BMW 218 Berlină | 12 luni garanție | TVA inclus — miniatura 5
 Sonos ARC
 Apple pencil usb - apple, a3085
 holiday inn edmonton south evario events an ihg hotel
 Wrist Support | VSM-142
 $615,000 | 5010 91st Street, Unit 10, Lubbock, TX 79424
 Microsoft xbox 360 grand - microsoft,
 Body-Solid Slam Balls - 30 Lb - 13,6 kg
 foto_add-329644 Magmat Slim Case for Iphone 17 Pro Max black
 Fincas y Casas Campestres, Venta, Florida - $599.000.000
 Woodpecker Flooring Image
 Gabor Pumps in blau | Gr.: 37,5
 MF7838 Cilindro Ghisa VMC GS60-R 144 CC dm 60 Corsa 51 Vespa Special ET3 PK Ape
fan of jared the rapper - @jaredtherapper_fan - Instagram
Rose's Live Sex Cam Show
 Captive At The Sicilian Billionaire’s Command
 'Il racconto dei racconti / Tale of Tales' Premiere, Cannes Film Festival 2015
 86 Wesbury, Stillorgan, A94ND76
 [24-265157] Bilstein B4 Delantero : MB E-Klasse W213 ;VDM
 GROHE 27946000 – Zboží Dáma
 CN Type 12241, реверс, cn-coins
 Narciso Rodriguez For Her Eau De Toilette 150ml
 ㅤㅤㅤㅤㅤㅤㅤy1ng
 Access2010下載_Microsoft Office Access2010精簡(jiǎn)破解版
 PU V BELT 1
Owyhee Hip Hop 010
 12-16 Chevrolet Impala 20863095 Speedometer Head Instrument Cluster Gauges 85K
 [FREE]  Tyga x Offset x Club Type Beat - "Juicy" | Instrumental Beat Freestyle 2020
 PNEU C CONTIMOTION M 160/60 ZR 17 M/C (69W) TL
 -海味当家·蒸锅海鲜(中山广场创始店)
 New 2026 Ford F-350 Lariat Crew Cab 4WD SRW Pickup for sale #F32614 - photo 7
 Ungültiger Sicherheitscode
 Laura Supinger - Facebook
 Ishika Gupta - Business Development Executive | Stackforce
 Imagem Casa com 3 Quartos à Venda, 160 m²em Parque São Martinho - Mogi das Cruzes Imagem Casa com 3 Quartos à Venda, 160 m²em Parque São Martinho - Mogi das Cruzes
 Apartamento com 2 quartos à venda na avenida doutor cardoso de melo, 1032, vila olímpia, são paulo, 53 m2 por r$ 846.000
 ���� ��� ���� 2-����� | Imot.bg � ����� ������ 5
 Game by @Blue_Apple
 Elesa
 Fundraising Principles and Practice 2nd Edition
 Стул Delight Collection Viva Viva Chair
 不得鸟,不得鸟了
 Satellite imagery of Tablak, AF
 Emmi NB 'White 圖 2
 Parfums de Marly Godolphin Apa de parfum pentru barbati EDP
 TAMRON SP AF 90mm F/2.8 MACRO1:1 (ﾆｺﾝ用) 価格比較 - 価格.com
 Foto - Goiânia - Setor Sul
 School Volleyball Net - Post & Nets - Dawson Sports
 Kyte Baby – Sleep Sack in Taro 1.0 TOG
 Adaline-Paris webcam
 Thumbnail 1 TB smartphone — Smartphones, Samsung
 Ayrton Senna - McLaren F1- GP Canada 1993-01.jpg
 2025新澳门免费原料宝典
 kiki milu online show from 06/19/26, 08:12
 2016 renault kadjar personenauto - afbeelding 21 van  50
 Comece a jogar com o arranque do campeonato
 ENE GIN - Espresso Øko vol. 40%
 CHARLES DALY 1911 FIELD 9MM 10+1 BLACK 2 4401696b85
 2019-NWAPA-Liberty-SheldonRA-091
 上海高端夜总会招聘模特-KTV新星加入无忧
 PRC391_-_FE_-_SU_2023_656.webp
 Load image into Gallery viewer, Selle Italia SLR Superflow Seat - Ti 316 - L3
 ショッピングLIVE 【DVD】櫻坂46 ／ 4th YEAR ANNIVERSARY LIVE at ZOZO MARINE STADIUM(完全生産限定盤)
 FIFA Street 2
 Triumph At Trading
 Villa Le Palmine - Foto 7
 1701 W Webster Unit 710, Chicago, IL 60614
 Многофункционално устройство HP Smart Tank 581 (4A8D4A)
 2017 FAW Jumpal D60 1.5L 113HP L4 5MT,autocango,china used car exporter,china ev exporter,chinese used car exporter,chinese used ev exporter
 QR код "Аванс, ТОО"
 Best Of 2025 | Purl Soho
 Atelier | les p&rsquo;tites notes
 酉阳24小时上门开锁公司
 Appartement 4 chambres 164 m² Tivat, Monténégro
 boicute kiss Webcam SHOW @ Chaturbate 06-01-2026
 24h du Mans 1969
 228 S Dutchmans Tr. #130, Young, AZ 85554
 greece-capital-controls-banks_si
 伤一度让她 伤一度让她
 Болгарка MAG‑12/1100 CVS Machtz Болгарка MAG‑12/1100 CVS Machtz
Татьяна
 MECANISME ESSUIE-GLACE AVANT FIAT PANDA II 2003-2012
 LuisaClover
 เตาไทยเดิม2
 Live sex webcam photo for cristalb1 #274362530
——
→ **The task**: Look above for the line with "2016 renault kadjar" and the line with "Triumph At Trading". Retype those two lines and every line between them exactly, adding nothing.

→ **Completed exercise**:
 2016 renault kadjar personenauto - afbeelding 21 van  50
 Comece a jogar com o arranque do campeonato
 ENE GIN - Espresso Øko vol. 40%
 CHARLES DALY 1911 FIELD 9MM 10+1 BLACK 2 4401696b85
 2019-NWAPA-Liberty-SheldonRA-091
 上海高端夜总会招聘模特-KTV新星加入无忧
 PRC391_-_FE_-_SU_2023_656.webp
 Load image into Gallery viewer, Selle Italia SLR Superflow Seat - Ti 316 - L3
 ショッピングLIVE 【DVD】櫻坂46 ／ 4th YEAR ANNIVERSARY LIVE at ZOZO MARINE STADIUM(完全生産限定盤)
 FIFA Street 2
 Triumph At Trading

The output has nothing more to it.